Tapestry said about 90% of its stores were either closed or operating on shortened hours during its third quarter, leading the fashion house to report its first adjusted loss in nearly 20 years as a public company.
But, with multiple U.S. states starting to ease lockdown restrictions on businesses, Tapestry said it will reopen about 40 stores in North America for contactless curbside pickup services beginning May 1.
The company, which also makes Kate Spade handbags, is also restarting business in Europe and has already reopened most of its stores in China, where the outbreak began.
While business in China is starting to gradually improve, Chief Executive Officer Jide Zeitlin said he expects a slow rebound in the West as stores reopen into what is likely a deep recession.
“Handbags are a very discretionary category and we estimate that 67% of Coach’s sales are driven by some form of external event whether that be work, going out, or specific events and occasions,” said Neil Saunders, Managing Director of GlobalData Retail.
“With these things firmly off the agenda, the need to buy handbags has dissipated.”
Tapestry’s net sales fell 19.4% to $1.07 billion in the third quarter ended March 28, it’s biggest drop in at least 15 years, according to data from Refinitiv.

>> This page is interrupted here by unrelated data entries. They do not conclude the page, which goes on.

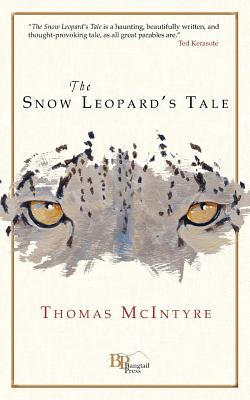 The Snow Leopard's Tale - Thomas Mcintyre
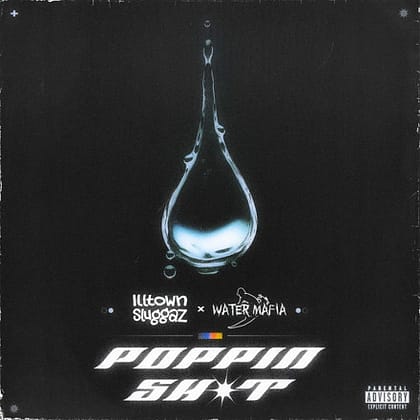 Illtown Sluggaz & Water Mafia - Poppin Shit
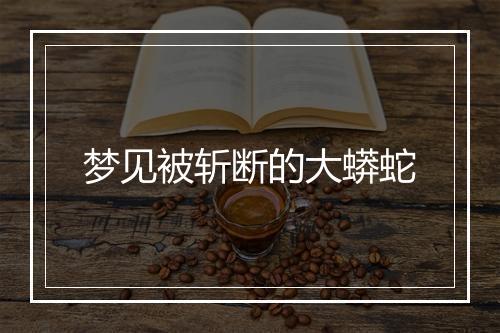 梦见被斩断的大蟒蛇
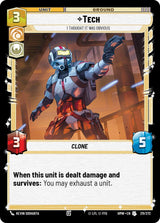 Tech - I Thought It Was Obvious (HMW 211/272) - Star Wars Unlimited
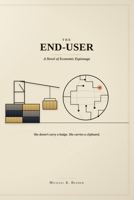 The End-User: A Novel of Economic Espionage B0HK1G6YH3 Book Cover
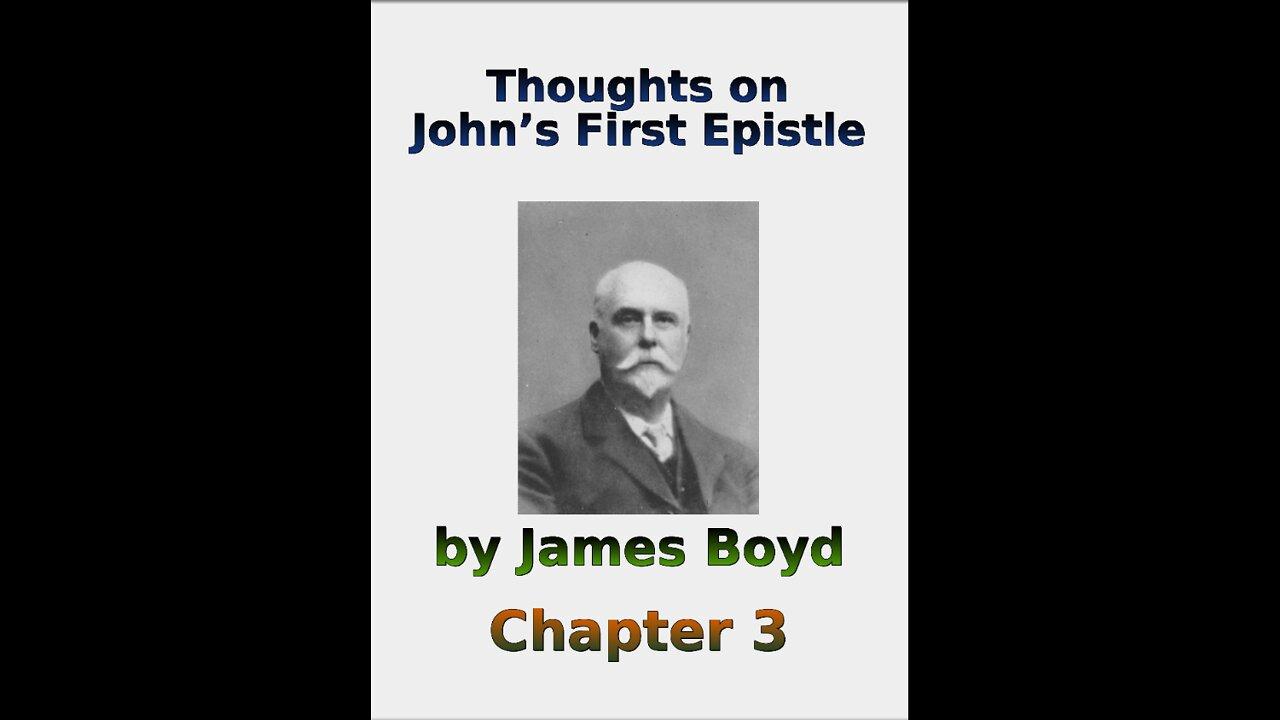 Thoughts on John's First Epistle, by James Boyd, Chapter 3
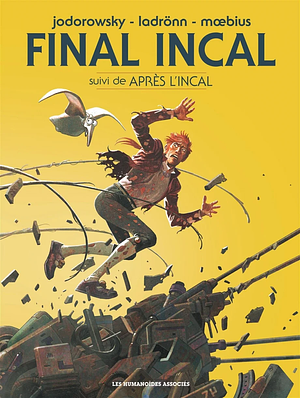 Final incal by Alejandro Jodorowsky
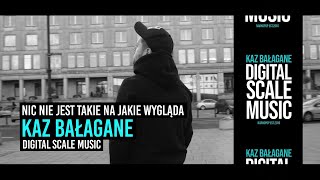 Kaz Bałagane - Nic Nie Jest Takie Na Jakie Wygląda@Faded Dollars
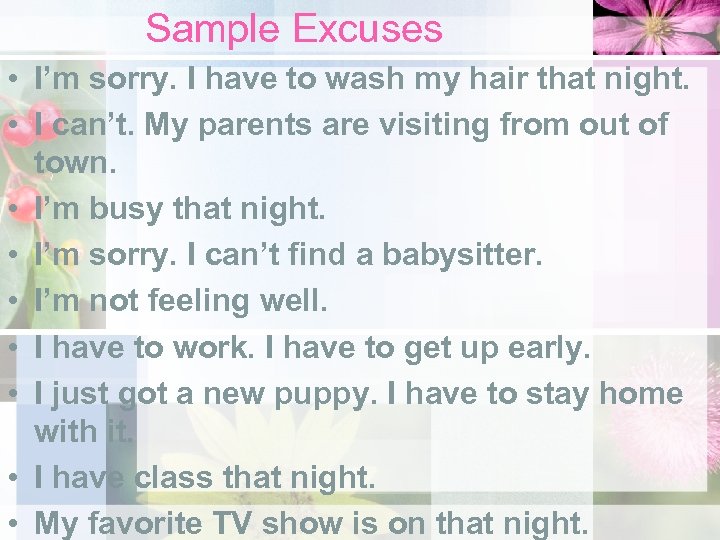 Sample Excuses • I’m sorry. I have to wash my hair that night. •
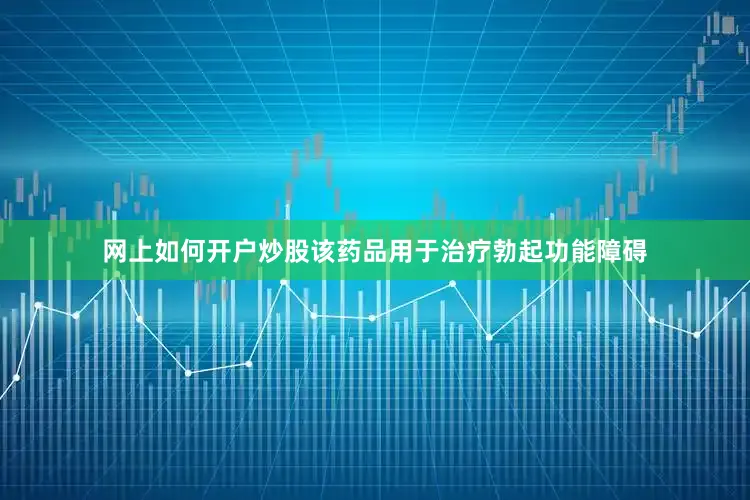 网上如何开户炒股该药品用于治疗勃起功能障碍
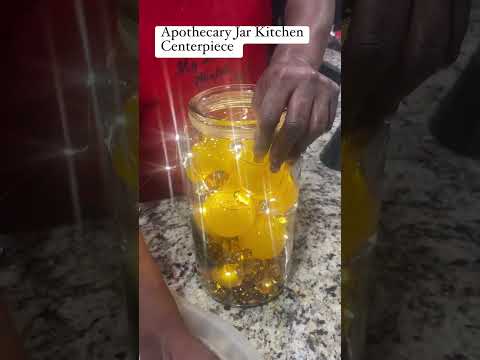 How to make a centerpiece with an Apothecary Jar for your kitchen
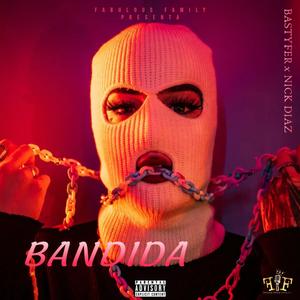 Bandida (feat. Nick Díaz) (Explicit)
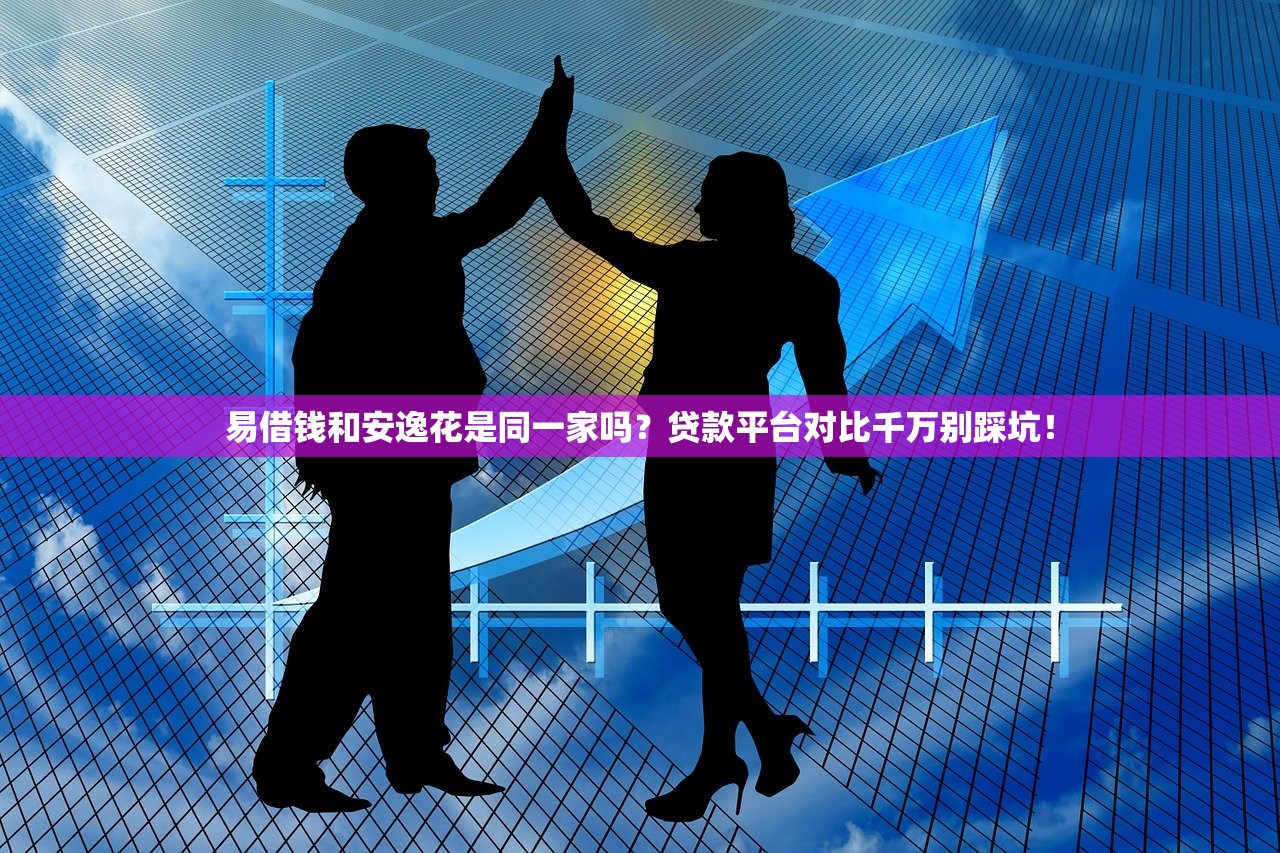 易借钱和安逸花是同一家吗？贷款平台对比千万别踩坑！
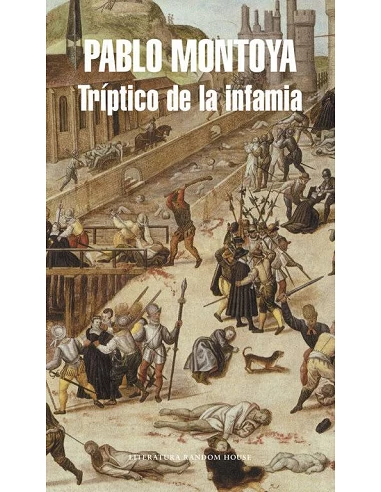 TRIPTICO DE LA INFAMIA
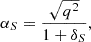 $$ \alpha _S = \dfrac {\sqrt {q^{2}}}{1+\delta _{S}}, $$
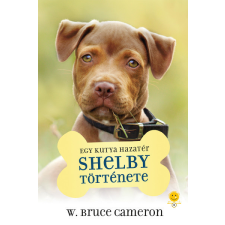  Egy kutya hazatér - Shelby története gyermek- és ifjúsági könyv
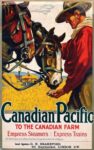 1920 Canadian Pacific To The Canadian Farm. Empress Steamers. Express Trains
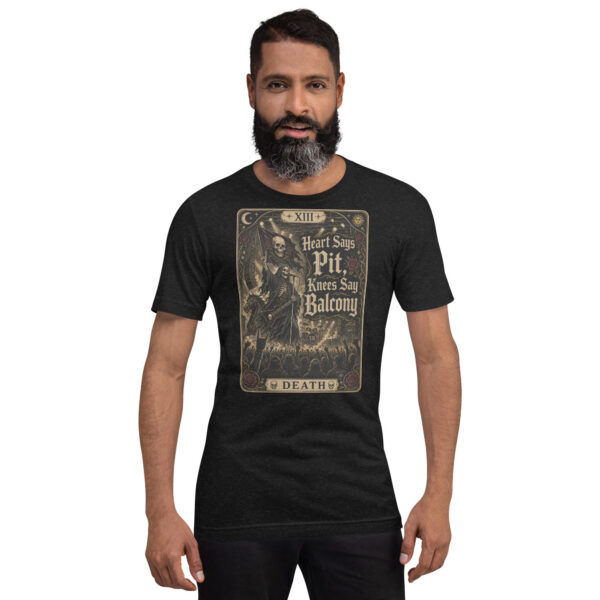 Heart Says Pit, Knees Say Balcony – Unisex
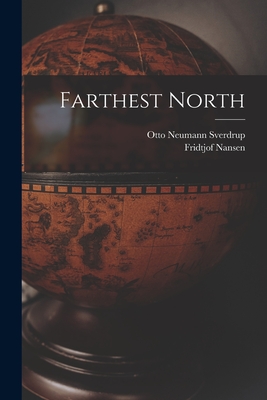 Farthest North - Nansen, Fridtjof, and Otto Neumann Sverdrup (Creator)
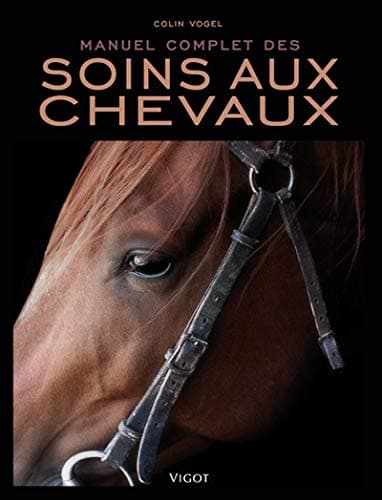 MANUEL COMPLET DES SOINS AUX CHEVAUX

The company’s shares, which have fallen about 37% this year, fell a further 10% in morning trading.
The company reported a quarterly net loss of $677.1 million, compared to a profit of $117.4 million a year earlier, as costs surged.
The company said it wrote down the value of its brand assets by $267 million and struck off $211 million of goodwill from its Stuart Weitzman unit, as store closures hit cash flows.
Excluding items, the company lost 27 cents per share, bigger than the 12 cents per share loss analysts were expecting, according to IBES data from Refinitiv.